- _EXERCISE DETAILS_
What is needed is an exact copy of the lines in the listing below, from the one with "2720 Windstone Way - Photo Thumbnail 3" up to and including the one with "Main picture of 2311 33rd St", with no other lines.

● ● ●

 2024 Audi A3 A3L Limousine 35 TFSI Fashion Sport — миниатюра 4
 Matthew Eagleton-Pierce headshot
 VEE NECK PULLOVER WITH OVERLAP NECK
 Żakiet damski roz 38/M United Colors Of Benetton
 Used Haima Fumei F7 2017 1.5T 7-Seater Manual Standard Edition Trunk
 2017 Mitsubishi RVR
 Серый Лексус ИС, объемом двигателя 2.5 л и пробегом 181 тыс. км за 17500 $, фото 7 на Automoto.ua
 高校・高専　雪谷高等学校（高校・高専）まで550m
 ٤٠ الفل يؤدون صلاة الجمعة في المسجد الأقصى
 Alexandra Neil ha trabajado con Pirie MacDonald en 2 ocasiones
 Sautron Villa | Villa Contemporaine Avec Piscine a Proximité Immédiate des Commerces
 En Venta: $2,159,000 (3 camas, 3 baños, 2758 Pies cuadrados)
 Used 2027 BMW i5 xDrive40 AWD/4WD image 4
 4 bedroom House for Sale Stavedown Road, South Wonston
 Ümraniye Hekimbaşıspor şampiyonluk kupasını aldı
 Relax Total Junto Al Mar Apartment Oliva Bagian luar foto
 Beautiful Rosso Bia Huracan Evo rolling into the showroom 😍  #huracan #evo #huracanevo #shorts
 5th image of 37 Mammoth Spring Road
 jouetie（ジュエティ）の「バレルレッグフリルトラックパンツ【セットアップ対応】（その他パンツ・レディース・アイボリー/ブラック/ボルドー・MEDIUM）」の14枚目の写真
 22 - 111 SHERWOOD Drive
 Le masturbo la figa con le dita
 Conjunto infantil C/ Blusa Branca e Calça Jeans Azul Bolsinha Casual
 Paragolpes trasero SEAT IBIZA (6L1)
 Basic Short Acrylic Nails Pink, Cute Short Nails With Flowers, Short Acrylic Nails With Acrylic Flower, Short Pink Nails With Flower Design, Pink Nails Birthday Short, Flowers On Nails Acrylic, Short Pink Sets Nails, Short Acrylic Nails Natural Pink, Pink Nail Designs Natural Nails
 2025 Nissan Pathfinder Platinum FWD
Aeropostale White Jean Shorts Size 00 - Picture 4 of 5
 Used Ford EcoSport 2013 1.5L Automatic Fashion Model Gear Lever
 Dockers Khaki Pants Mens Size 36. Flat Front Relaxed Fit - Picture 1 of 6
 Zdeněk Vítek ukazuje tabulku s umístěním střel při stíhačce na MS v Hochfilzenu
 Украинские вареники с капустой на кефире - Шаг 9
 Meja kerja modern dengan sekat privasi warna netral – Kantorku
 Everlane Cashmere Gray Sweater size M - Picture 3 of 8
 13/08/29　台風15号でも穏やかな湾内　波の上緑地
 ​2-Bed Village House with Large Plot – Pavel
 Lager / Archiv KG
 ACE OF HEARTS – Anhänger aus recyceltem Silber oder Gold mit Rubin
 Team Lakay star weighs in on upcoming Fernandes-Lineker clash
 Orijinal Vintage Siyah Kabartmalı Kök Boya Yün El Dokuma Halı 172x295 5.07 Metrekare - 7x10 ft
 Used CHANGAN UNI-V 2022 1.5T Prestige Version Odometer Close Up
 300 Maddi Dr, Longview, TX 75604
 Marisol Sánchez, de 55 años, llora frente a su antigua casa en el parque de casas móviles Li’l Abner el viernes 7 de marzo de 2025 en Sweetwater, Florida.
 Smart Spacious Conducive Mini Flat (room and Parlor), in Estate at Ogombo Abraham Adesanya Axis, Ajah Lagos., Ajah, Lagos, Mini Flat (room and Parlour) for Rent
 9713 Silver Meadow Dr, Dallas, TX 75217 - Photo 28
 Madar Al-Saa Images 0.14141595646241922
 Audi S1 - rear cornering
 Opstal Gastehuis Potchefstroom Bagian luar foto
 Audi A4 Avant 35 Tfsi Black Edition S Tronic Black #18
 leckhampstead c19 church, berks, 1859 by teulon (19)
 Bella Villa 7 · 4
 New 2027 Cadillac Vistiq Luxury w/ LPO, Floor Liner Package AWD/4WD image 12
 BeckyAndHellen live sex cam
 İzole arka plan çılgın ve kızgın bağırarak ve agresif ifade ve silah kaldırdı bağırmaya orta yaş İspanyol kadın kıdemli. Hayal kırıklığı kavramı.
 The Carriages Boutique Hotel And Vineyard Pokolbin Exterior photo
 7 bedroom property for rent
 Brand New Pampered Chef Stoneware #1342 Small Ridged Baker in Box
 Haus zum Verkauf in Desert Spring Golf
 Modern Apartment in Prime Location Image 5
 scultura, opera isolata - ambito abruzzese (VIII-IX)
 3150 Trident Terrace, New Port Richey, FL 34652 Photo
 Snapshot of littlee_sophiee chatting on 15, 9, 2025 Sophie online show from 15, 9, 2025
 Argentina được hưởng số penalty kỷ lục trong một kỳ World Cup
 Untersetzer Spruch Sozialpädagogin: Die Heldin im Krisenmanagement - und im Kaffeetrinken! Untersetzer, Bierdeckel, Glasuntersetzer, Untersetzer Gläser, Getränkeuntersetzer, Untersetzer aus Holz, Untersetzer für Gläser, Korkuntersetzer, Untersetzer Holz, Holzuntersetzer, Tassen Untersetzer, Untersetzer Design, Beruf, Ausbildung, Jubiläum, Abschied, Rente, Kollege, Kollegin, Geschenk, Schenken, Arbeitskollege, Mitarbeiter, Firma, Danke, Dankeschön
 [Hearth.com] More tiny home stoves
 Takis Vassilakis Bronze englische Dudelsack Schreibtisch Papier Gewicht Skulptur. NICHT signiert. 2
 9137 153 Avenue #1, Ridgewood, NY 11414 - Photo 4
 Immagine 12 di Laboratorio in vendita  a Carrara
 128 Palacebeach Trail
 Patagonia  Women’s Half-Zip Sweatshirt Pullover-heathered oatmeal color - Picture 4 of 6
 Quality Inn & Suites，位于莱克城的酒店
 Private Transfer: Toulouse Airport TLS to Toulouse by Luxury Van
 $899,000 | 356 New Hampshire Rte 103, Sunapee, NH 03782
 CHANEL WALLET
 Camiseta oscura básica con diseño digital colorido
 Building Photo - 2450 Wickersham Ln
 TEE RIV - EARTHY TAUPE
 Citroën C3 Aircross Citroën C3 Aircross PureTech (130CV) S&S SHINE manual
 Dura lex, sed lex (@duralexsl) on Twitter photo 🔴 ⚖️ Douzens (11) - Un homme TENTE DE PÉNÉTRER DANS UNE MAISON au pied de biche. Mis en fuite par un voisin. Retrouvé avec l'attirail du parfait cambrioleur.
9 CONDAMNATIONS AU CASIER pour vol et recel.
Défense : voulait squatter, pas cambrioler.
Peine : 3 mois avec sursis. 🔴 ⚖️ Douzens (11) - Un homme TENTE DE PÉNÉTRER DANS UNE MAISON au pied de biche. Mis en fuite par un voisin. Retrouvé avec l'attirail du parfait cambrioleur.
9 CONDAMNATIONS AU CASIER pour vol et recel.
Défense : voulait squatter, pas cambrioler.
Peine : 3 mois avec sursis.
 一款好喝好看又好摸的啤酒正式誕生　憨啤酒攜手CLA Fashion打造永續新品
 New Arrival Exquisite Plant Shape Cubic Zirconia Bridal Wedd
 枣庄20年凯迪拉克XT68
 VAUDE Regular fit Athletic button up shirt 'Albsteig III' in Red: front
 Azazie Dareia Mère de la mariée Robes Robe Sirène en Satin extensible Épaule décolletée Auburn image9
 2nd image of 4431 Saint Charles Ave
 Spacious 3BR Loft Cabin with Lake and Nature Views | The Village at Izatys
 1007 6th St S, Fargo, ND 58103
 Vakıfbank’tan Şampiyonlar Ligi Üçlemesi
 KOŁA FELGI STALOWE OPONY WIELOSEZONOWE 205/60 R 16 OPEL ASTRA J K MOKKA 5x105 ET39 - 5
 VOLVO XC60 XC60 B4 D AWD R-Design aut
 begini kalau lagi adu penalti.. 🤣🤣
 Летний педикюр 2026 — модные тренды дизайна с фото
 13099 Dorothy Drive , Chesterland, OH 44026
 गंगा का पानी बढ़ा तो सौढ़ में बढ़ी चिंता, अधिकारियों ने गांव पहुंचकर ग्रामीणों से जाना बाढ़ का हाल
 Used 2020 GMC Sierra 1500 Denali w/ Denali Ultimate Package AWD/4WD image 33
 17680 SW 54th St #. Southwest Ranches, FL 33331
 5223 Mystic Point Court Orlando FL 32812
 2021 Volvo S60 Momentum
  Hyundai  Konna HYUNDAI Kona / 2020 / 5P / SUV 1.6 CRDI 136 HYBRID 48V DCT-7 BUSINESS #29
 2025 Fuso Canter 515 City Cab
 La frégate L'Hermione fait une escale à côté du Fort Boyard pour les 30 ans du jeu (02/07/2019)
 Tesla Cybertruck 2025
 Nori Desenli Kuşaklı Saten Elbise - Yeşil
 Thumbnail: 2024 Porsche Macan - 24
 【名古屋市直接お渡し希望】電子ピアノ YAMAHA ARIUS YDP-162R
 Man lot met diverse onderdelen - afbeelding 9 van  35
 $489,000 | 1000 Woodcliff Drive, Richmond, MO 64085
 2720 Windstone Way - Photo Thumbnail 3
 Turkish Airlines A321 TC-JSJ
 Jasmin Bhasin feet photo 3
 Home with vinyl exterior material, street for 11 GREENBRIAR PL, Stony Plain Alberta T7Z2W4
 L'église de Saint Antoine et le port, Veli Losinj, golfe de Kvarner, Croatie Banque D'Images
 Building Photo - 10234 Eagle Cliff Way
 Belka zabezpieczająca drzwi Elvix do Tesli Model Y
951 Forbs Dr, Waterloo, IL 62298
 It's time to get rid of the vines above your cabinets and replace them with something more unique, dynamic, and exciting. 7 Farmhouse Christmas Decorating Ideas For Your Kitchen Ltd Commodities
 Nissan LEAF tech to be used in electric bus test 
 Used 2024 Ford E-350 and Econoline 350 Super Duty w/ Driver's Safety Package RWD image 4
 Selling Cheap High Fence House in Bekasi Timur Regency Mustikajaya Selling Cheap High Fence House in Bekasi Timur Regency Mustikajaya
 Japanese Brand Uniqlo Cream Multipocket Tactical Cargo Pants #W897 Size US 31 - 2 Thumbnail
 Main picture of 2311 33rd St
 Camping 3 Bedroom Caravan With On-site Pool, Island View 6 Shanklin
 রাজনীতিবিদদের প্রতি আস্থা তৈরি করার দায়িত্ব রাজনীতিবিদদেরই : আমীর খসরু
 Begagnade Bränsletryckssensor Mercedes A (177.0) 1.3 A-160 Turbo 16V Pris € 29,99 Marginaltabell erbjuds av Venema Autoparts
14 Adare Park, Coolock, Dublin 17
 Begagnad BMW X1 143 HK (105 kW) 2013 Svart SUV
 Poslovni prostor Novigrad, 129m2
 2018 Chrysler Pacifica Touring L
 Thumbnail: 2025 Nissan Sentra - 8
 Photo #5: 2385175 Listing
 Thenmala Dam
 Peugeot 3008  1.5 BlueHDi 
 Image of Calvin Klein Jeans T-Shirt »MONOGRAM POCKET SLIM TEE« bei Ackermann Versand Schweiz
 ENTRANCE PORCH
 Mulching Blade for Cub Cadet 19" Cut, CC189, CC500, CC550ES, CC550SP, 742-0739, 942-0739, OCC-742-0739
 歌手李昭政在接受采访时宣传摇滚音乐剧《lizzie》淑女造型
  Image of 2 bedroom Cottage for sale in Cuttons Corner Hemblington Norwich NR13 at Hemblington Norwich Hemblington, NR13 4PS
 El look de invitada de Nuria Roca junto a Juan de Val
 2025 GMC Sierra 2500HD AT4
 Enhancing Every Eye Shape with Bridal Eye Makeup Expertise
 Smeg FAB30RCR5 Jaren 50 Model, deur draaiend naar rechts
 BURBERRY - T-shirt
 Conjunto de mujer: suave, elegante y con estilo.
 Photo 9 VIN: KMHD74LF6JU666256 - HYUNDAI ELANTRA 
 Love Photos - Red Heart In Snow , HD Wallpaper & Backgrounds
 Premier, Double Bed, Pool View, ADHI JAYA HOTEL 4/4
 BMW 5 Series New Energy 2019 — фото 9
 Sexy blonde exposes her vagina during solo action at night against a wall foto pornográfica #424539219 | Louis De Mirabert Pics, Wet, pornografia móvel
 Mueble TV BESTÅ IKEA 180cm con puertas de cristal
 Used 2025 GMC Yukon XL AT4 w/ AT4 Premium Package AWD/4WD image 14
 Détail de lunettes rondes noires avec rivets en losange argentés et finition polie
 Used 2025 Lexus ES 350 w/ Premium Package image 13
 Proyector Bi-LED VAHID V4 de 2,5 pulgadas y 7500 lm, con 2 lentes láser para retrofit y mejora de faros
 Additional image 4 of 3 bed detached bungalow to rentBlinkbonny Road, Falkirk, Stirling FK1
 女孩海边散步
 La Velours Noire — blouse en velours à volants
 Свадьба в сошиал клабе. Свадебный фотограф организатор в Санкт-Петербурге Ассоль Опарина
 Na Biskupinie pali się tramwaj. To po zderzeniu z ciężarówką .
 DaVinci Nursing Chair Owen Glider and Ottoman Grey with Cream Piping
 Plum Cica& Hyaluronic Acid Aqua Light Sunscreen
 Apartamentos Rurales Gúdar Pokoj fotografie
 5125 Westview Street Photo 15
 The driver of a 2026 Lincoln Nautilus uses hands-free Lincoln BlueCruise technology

● ● ●

- _PROBLEM SOLUTION_
 2720 Windstone Way - Photo Thumbnail 3
 Turkish Airlines A321 TC-JSJ
 Jasmin Bhasin feet photo 3
 Home with vinyl exterior material, street for 11 GREENBRIAR PL, Stony Plain Alberta T7Z2W4
 L'église de Saint Antoine et le port, Veli Losinj, golfe de Kvarner, Croatie Banque D'Images
 Building Photo - 10234 Eagle Cliff Way
 Belka zabezpieczająca drzwi Elvix do Tesli Model Y
951 Forbs Dr, Waterloo, IL 62298
 It's time to get rid of the vines above your cabinets and replace them with something more unique, dynamic, and exciting. 7 Farmhouse Christmas Decorating Ideas For Your Kitchen Ltd Commodities
 Nissan LEAF tech to be used in electric bus test 
 Used 2024 Ford E-350 and Econoline 350 Super Duty w/ Driver's Safety Package RWD image 4
 Selling Cheap High Fence House in Bekasi Timur Regency Mustikajaya Selling Cheap High Fence House in Bekasi Timur Regency Mustikajaya
 Japanese Brand Uniqlo Cream Multipocket Tactical Cargo Pants #W897 Size US 31 - 2 Thumbnail
 Main picture of 2311 33rd St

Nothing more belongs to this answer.